En parallèle, nous nous inscrivons dans une démarche de veille technologique continue pour identifier toute nouvelle technologie ou éventuel disrupter qui pourraient révolutionner notre secteur d’activité, comme les armes laser à haute énergie ou encore la propulsion hybride. Ce sont de nouvelles pistes que Roxel explore et qui vont donner lieu à des investissements en matière de R&D. Enfin, dans le cadre de nos travaux de recherche, nous réfléchissons aussi à tout ce qui tourne autour de la neutralité carbone et de la décarbonation.
Quel est le profil de vos ingénieurs ? Quelles sont les perspectives de carrière qu’un acteur comme Roxel peut leur offrir ?

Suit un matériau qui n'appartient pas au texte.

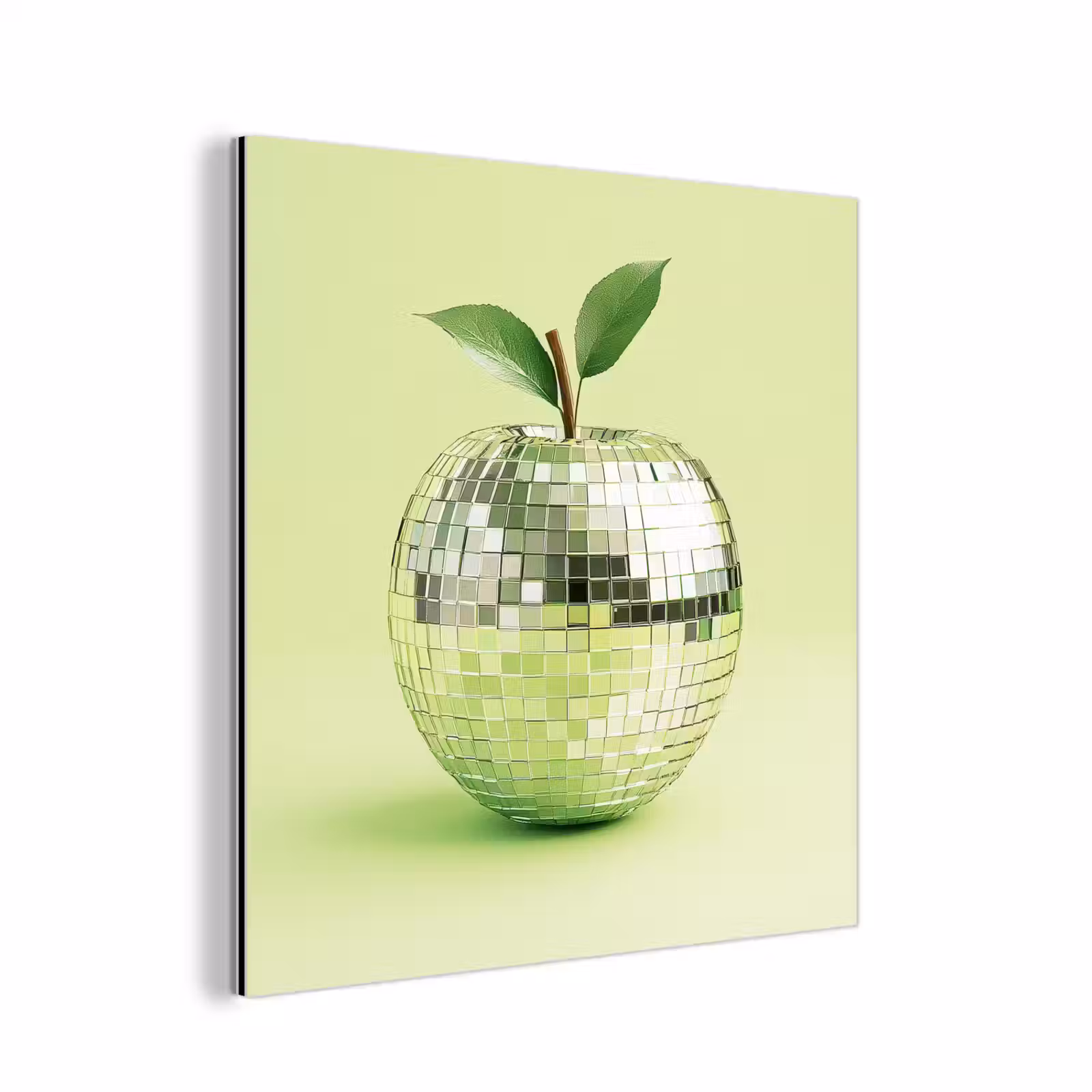 Aluminium schilderij - Groen - Disco - Decoratie - Appel — 1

Roxel compte dans ses équipes des ingénieurs issus d’écoles très variées, aux formations diverses et complémentaires. Une ETI à la pointe de l’innovation dans le domaine de la défense permet aux jeunes talents de découvrir l’ensemble des facettes d’une entreprise, de développer une bonne compréhension des métiers, des expertises et des produits. Contrairement à de grands groupes, il est plus facile pour un ingénieur d’apprécier l’impact de son travail et de sa contribution dans une ETI comme Roxel. Il est aussi possible d’y développer une expertise pointue, d’être très vite autonome et d’avoir accès rapidement à des postes à forte responsabilité. Enfin, Roxel reste une entreprise à taille humaine où le management est facilement accessible. Il y a une ambiance bienveillante et une réelle attention qui est portée au bien-être des collaborateurs.

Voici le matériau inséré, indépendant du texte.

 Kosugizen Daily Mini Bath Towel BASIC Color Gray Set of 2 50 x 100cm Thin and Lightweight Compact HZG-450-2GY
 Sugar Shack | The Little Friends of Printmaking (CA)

Dans un contexte géopolitique tendu, l’industrie de la défense connaît un fort développement. Dans ce cadre, comment vous positionnez-vous et quelles sont vos ambitions pour Roxel ?
En effet ! Et comme il ne peut pas y avoir de missiles sans moteur, nous connaissons une activité en forte croissance qui va, par ailleurs, tripler entre 2015 et 2027. En Europe, nous vivons une forme de rattrapage suite à la chute du mur de Berlin et les fameux dividendes de la paix. Nous sommes face à une importante montée en cadence aussi bien en termes d’investissement que de développement de nouveaux produits pour répondre notamment aux demandes de nos principaux clients que sont MBDA, Safran, Thales, Saab…
La guerre en Ukraine a contribué à remettre notre rôle et notre mission au cœur des préoccupations. Aujourd’hui, nos objectifs de croissance et de performance ne sont plus uniquement un enjeu d’ordre business, mais doivent aussi contribuer à la défense des démocraties occidentales.